10 May Let’s not be fatalistic about tolling
Posted May 8, 2016 from Seattle, WA
“Tolls are here to stay” wrote the Editors of the Seattle Times last Saturday, May 7.
I say: Don’t be so sure! Tolls have made their spectacular advance partly because we the public and our leaders haven’t really thought them through and because many folks—both those who like tolls and those who can’t stand them–are accepting as gospel the misguided notion that tolls are to ‘help the environment.’
I am running an ad in the A-section of the Seattle Times on Tuesday, May 10 that makes the point that “Tolls aren’t green!” Here is the ad:
Since that’s not searchable, here is the text of the ad:
Tolls aren’t Green
WADoT is smitten with Tolls; Gastax still better
WA DoT is smitten with tolls, no doubt because they have proven to be the path of least resistance to new revenue. Perversely, however, it is the spectacular success of the gas-tax in reducing Carbon pollution that has made DoTs all over the country so frustrated with it. Gas tax revenues decline over time because gas taxes cause people to use fuel more efficiently. Tolls by contrast are ‘Carbon-stupid’: a Hummer pays the same as a Yaris. Rather than impose a hodgepodge of whatever tolls are politically do-able, with all the attendant irrationalities & shocking inefficiencies, why not go back to the old marriage–w/ an electric car fix–and restate the vows?
end of ad.
In the rest of the blog I’m just going to elaborate on the points made in the ad, which is too small to allow for any complexity.
WA DoT is smitten with tolls, no doubt because they have proven to be the path of least resistance to new revenue.
WA DoT has tried and failed and tried and succeeded in raising the gas tax in recent years, but the opposition is ‘pre-mobilized,’ and highly motivated, and indeed, new increases in the gas tax would involve a tough political fight. On the other hand WA DoT’s success in getting 520 tolled, plus the new Hot Lane Tolls on 405 and 167 that came without any terribly bruising fights, has got to have the DoT excited that it has a new potential revenue source that won’t generate overpowering public opposition.

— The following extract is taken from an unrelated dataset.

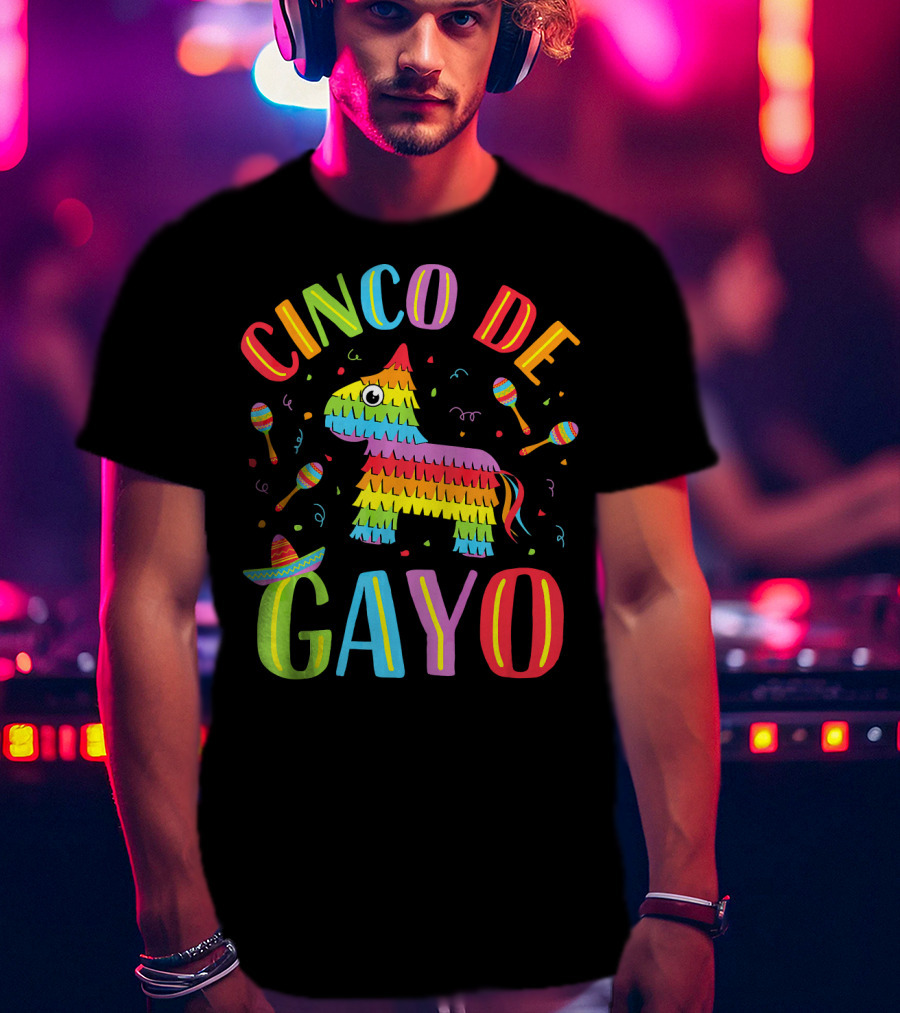 Cinco De Gayo Rainbow Pinata Maracas Fiesta T-Shirt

So far, tolls have been very much aided by the DoT’s “divide and conquer” strategy (I’m not accusing them of anything here, this all makes sense from the DoT’s standpoint). Here on Beacon Hill, we don’t have to go on 520 very much, or take the Tacoma Narrows Bridge. If you aren’t late for work coming from Auburn, you can be zen, drive a safe speed, and you don’t need pay for a fast lane. So far, anyway…
Sentence 2 + 3:
Perversely, however, it is the spectacular success of the gas-tax in reducing Carbon pollution that has made DoTs all over the country so frustrated with it. Gas tax revenues decline over time because gas taxes cause people to use fuel more efficiently.
These sentences are the heart and soul of the ad. In the Seattle Times on Feb 29, 2008 Andrew Garber wrote an opinion in the Seattle Times predicting where things were going in regards transportation issues that expressed the frustrationt DoTs everywhere were having with the gas tax:
“Tolls also would provide the state a new source of money. The growth of state gas-tax revenue is slowing, and, as vehicles become more fuel-efficient, officials predict tax collections won’t keep up with the cost of maintaining and improving the transportation system.”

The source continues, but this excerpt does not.